> **Your task**
Copy, word for word, the lines below from the one containing "2025 Buick Envision Sport Touring photo 5" up to and including the one containing "Cecilie&rsquo;s great interior", with pictures left out.

> **Records supplied**
Content starts

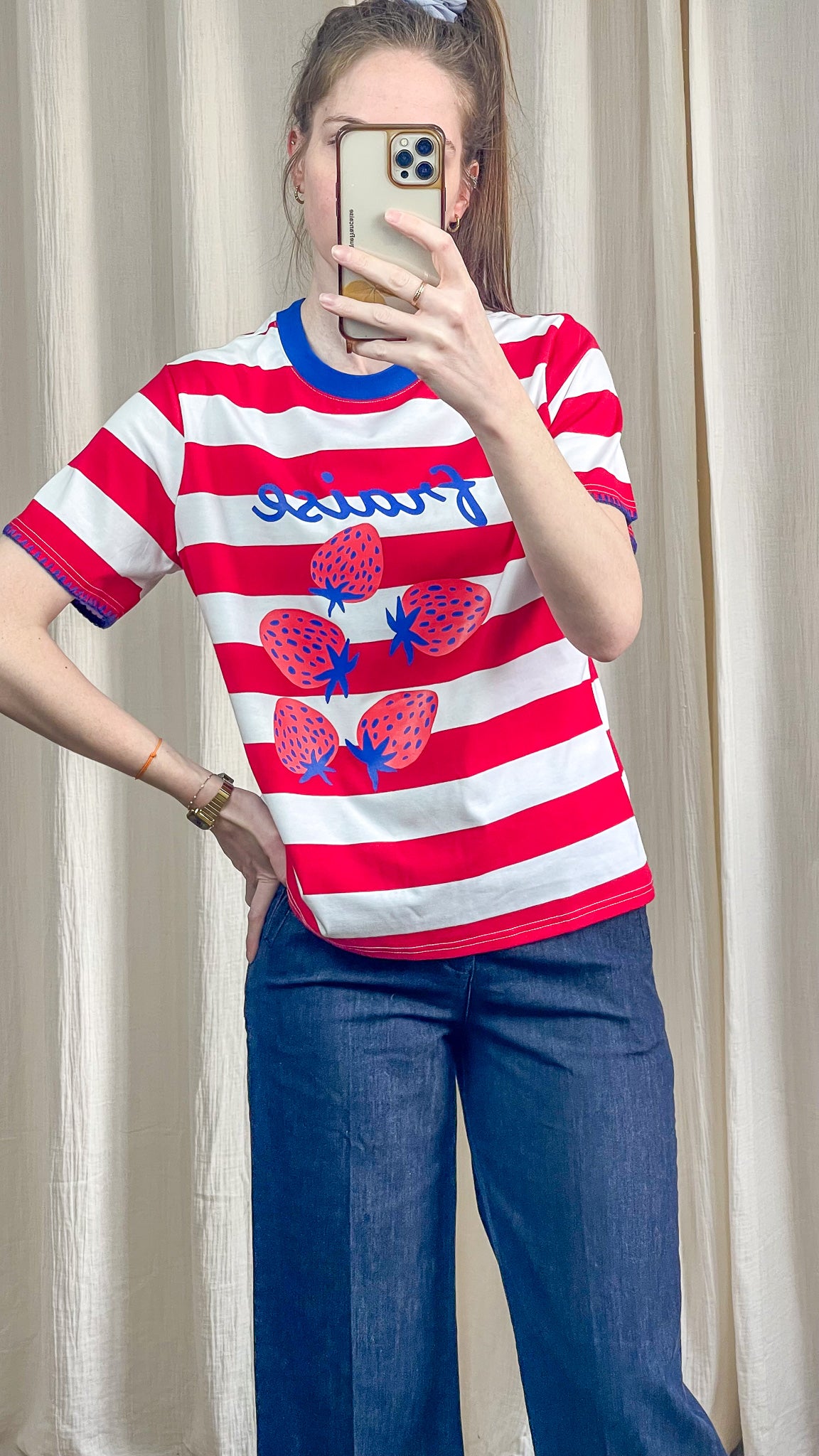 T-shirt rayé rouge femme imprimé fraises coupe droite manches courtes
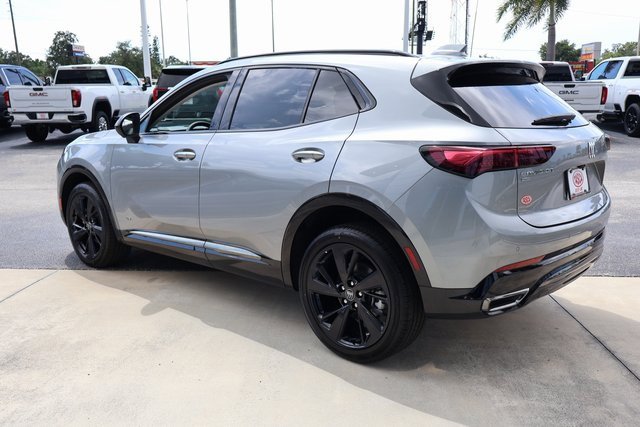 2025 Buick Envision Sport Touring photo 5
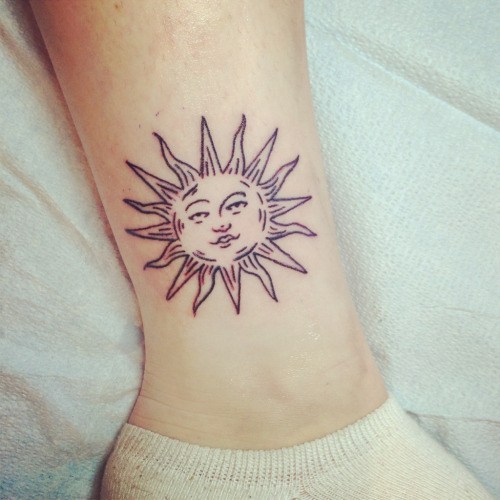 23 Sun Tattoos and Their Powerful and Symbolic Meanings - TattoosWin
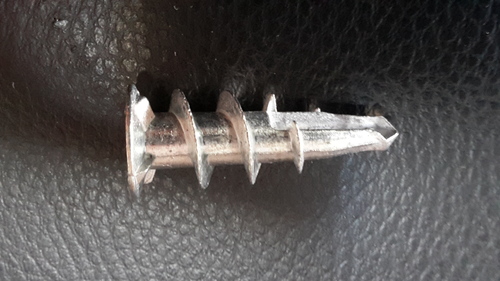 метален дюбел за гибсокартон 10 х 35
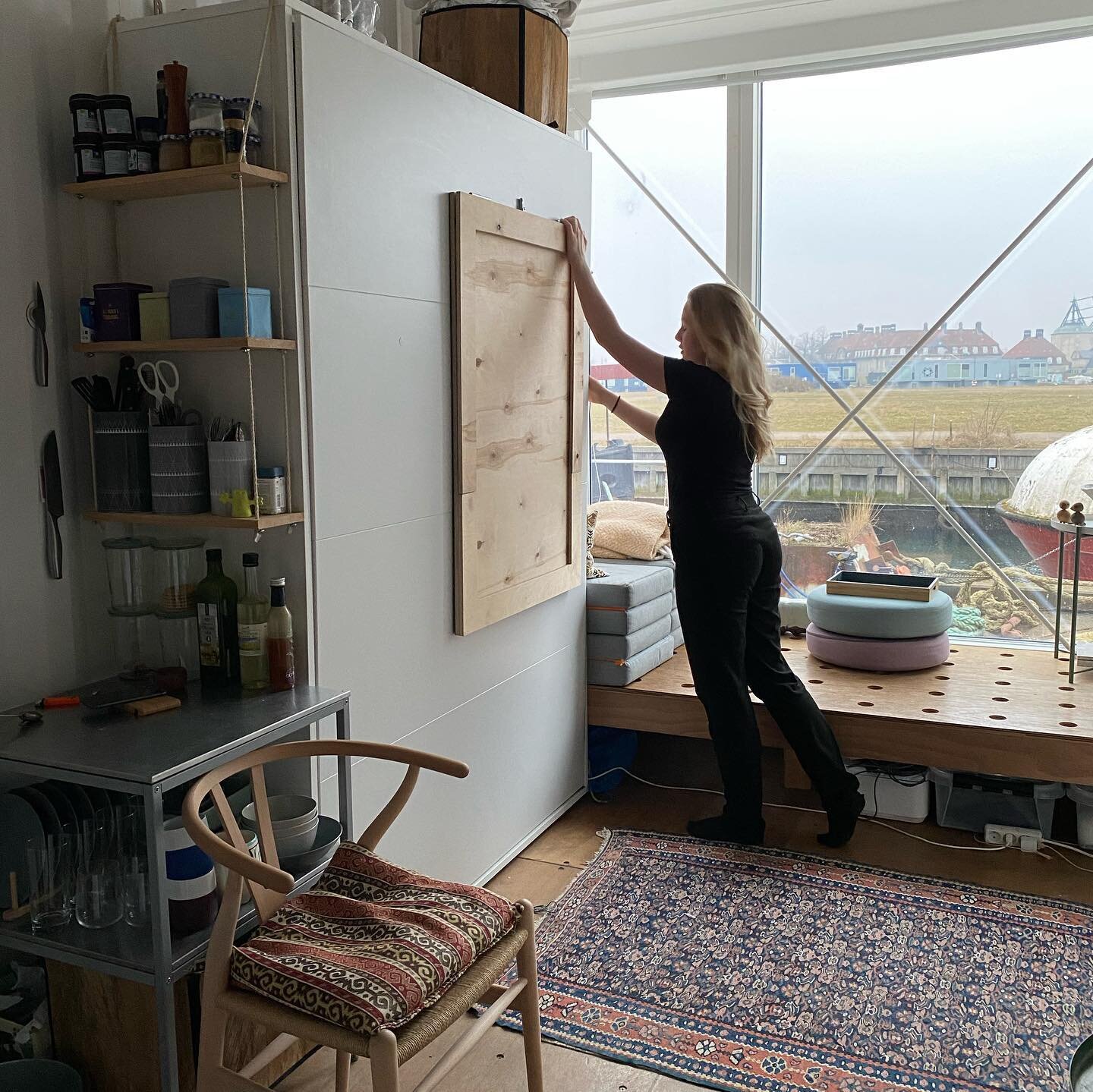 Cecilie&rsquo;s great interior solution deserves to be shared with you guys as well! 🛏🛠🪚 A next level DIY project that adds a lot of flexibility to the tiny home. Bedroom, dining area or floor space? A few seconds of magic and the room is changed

Content ends
Content starts

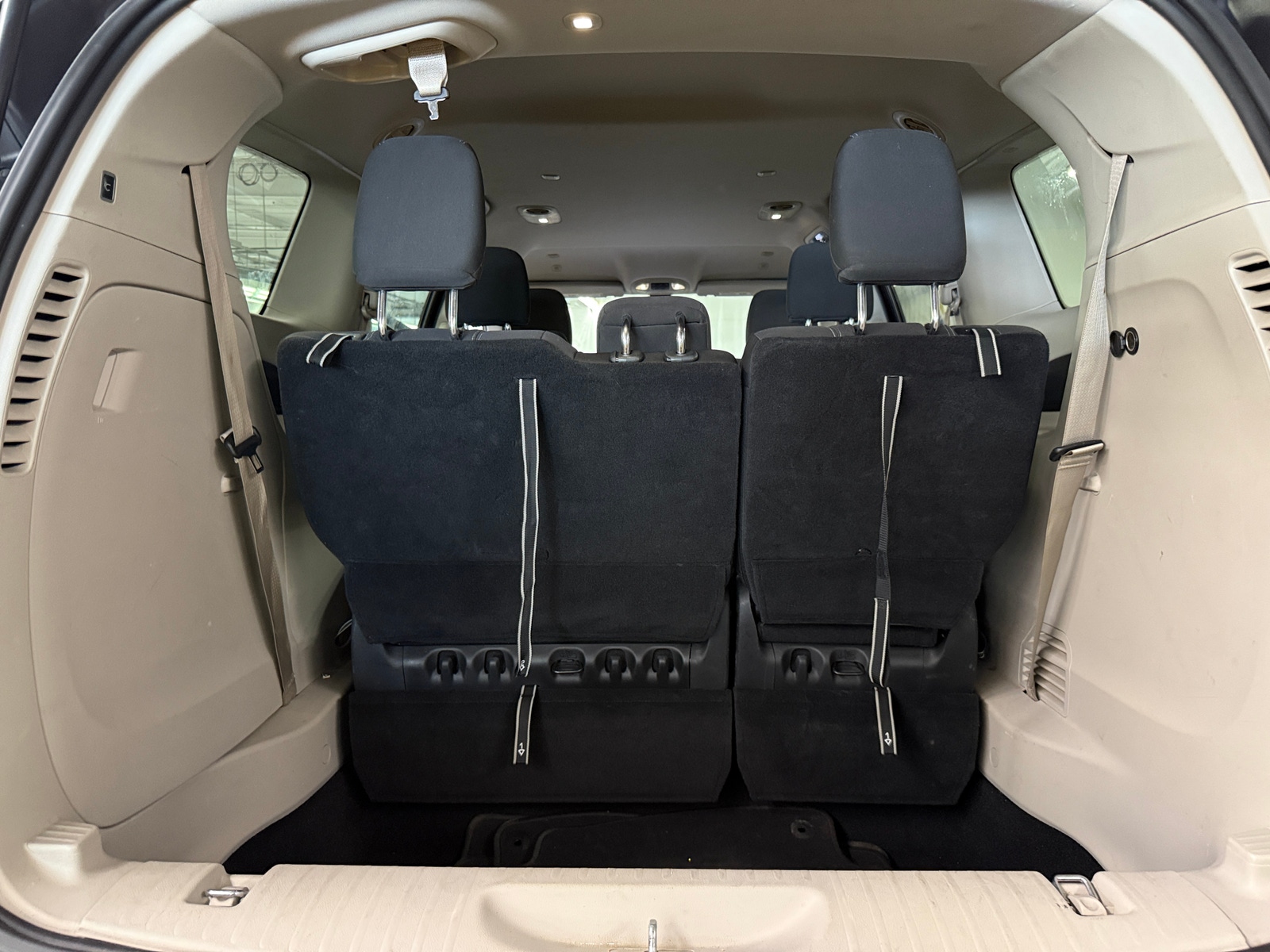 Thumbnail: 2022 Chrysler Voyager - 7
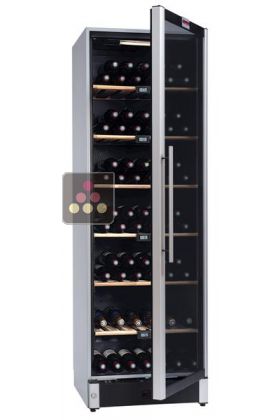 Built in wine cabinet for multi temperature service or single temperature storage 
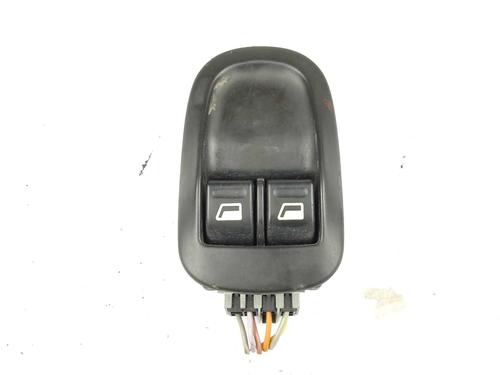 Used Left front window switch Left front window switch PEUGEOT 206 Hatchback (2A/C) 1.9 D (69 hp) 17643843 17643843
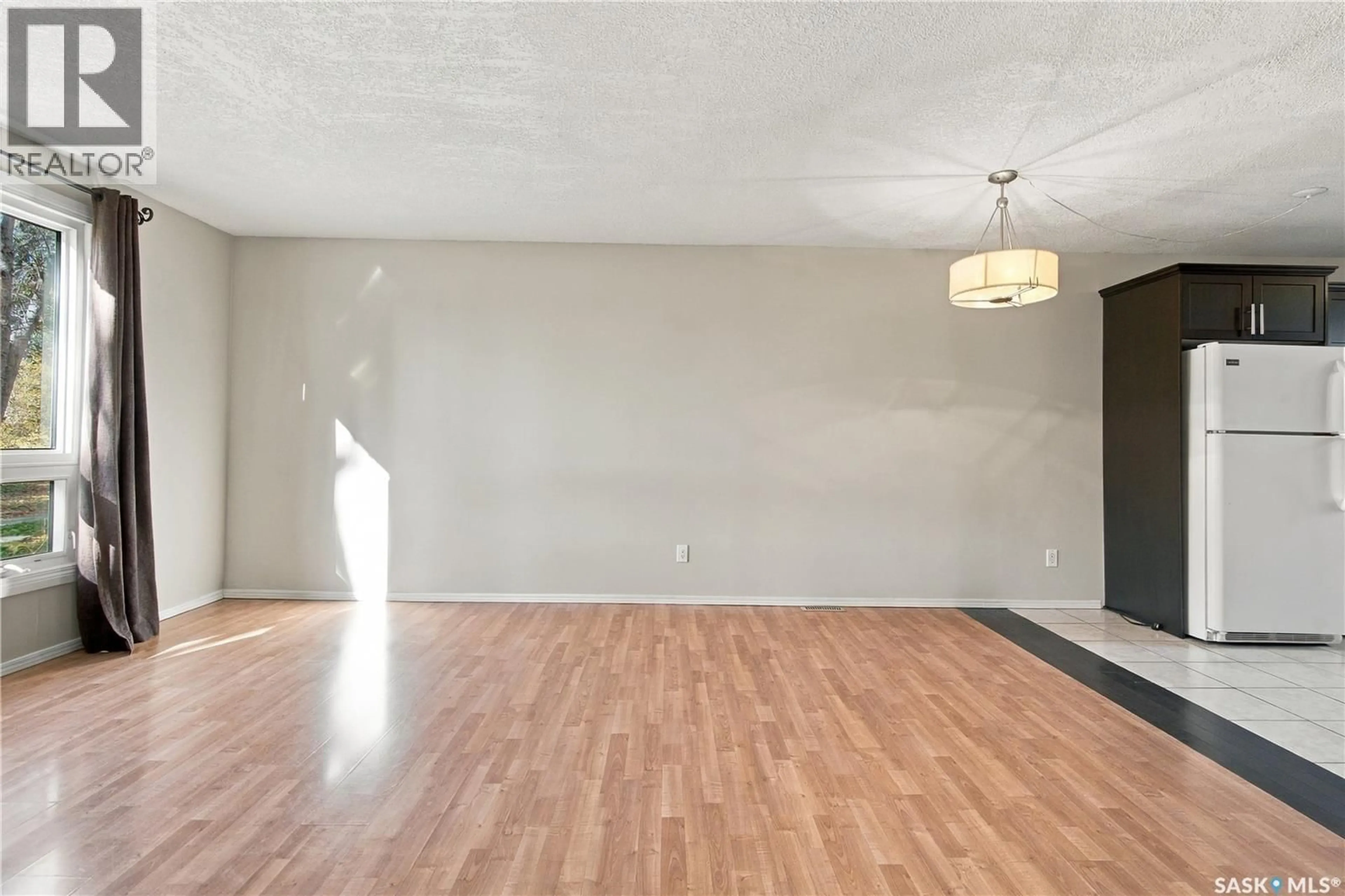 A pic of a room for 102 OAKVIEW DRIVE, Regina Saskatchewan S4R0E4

Content ends

> **Response to the exercise**
 2025 Buick Envision Sport Touring photo 5
 23 Sun Tattoos and Their Powerful and Symbolic Meanings - TattoosWin
 метален дюбел за гибсокартон 10 х 35
 Cecilie&rsquo;s great interior solution deserves to be shared with you guys as well! 🛏🛠🪚 A next level DIY project that adds a lot of flexibility to the tiny home. Bedroom, dining area or floor space? A few seconds of magic and the room is changed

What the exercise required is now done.